▶ **YOUR ASSIGNMENT**:
Copy out all of the material. Every line must match the original.
*** RAW DATA Section Begins ***
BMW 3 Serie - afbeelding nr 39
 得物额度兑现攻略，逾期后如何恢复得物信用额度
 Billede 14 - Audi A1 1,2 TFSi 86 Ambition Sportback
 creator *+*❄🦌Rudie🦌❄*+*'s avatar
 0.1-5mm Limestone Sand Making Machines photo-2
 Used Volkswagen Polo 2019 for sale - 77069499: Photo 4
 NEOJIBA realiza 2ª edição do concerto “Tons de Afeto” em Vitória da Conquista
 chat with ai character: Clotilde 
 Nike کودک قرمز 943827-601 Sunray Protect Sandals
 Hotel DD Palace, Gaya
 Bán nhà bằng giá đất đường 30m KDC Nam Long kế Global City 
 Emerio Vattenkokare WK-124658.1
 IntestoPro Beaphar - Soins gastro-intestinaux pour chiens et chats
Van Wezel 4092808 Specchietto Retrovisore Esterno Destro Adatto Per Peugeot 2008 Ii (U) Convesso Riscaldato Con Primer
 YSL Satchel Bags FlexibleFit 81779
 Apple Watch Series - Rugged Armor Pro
*** RAW DATA Section Ends ***
▶ **RESPONSE TO THE EXERCISE**:
BMW 3 Serie - afbeelding nr 39
 得物额度兑现攻略，逾期后如何恢复得物信用额度
 Billede 14 - Audi A1 1,2 TFSi 86 Ambition Sportback
 creator *+*❄🦌Rudie🦌❄*+*'s avatar
 0.1-5mm Limestone Sand Making Machines photo-2
 Used Volkswagen Polo 2019 for sale - 77069499: Photo 4
 NEOJIBA realiza 2ª edição do concerto “Tons de Afeto” em Vitória da Conquista
 chat with ai character: Clotilde 
 Nike کودک قرمز 943827-601 Sunray Protect Sandals
 Hotel DD Palace, Gaya
 Bán nhà bằng giá đất đường 30m KDC Nam Long kế Global City 
 Emerio Vattenkokare WK-124658.1
 IntestoPro Beaphar - Soins gastro-intestinaux pour chiens et chats
Van Wezel 4092808 Specchietto Retrovisore Esterno Destro Adatto Per Peugeot 2008 Ii (U) Convesso Riscaldato Con Primer
 YSL Satchel Bags FlexibleFit 81779
 Apple Watch Series - Rugged Armor Pro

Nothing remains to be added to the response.